Now the same thing in Cypher, on Neo4j:

MATCH (p:Paper {id: $id})-[:CITES*1..2]->(related:Paper)
RETURN DISTINCT related;

The Cypher version isn’t just shorter - it scales to “1..5 hops” by changing one number, where the SQL grows another join per level. The query reads like the question. That’s the tell that you’ve picked the right model.

Why this mattered for the product

Once citations lived in a graph, a whole category of features stopped being “features” and became one-line queries:

Shortest path between two papers → shortestPath().
Clusters of related work → community detection over the graph.
“Papers that cite both A and B” → a two-pattern match.

I didn’t have to build bespoke machinery for each. The database already understood the relationships, so the work shifted from plumbing to presentation - which is where the value actually was.

The trade-offs (it’s not free)

Graph databases aren’t a default. A few things to weigh:

Your team has to learn Cypher. It’s pleasant, but it’s another language.
Aggregations and tabular reporting are often easier in SQL. If your core access pattern is “rows and sums,” a graph is the wrong tool.
Operational maturity. The Postgres ecosystem is enormous; plan for fewer off-the-shelf answers.

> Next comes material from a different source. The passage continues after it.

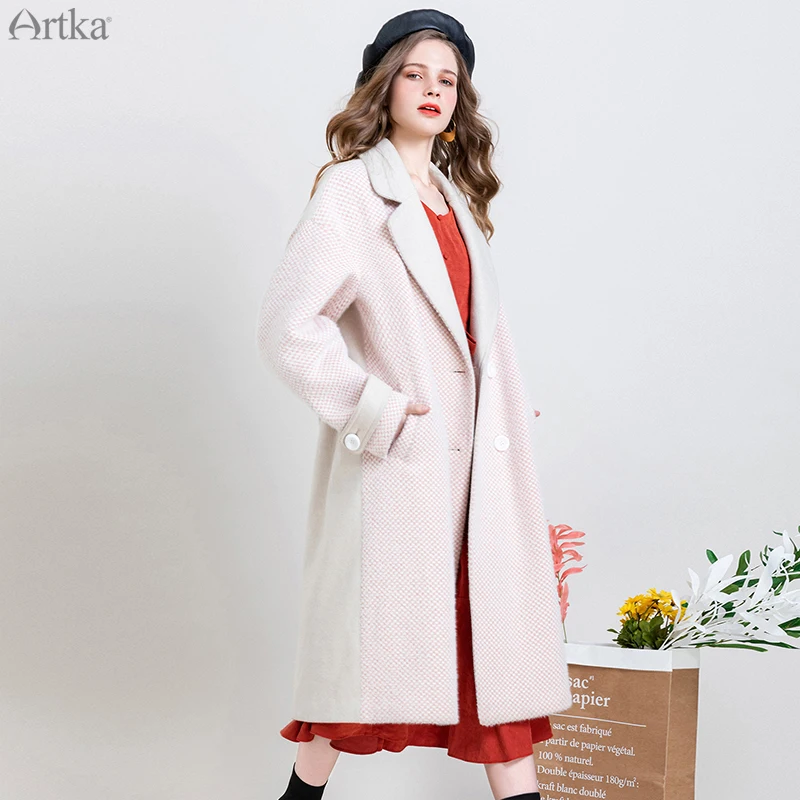 

ARTKA 2019 New Winter Women Wool Coat Retro Plaid Turn-down Collar Wool Coat Double Breasted Long Outwear Coat Women WA15094D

The rule I now use: if your most important questions are about relationships between entities, model the relationships first. If they’re about attributes of entities, stay relational.

Takeaway

The biggest architectural lever in Cite Smart wasn’t the AI layer - it was choosing a data model that matched the shape of the questions. Pick that early and the rest of the system gets simpler. Pick it wrong and you spend the project fighting your own schema.